Taking the line that contains "726 Meece Bridge" as the start and the last line of the data as the end, repeat exactly every line in that span, but no pictures.

### MATERIAL PROVIDED
━━━

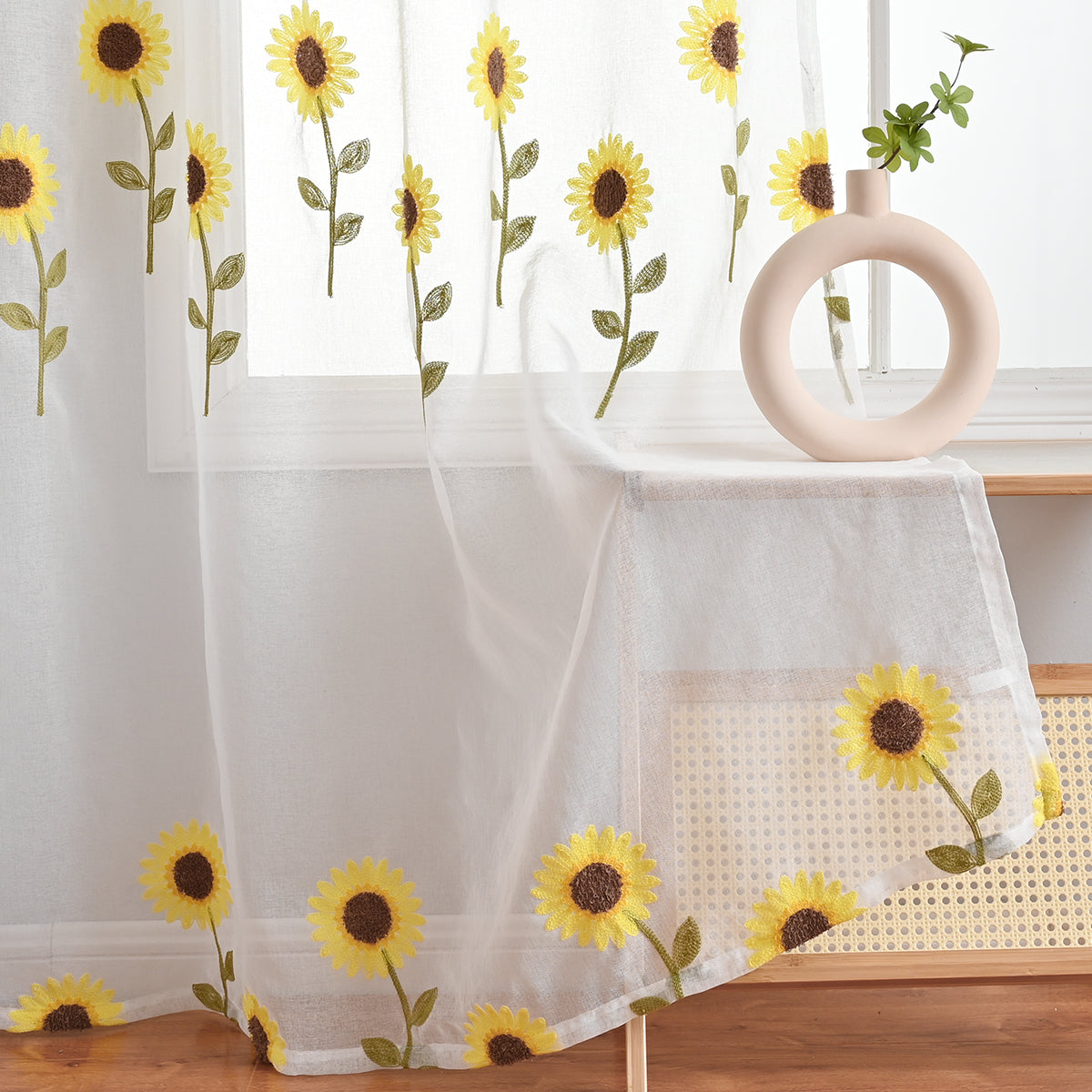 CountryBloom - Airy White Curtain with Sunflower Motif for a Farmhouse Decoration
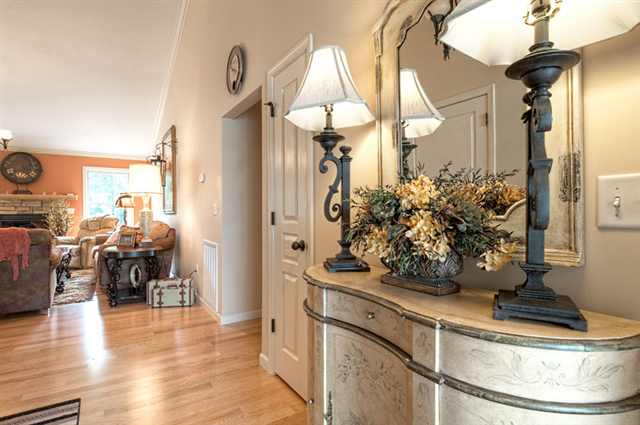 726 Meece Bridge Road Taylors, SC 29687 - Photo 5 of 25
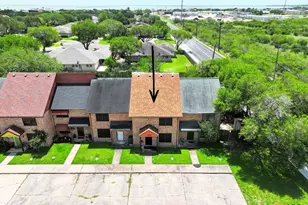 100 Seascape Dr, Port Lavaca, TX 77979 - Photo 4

━━━

### RESULT OF THE TASK
 726 Meece Bridge Road Taylors, SC 29687 - Photo 5 of 25
 100 Seascape Dr, Port Lavaca, TX 77979 - Photo 4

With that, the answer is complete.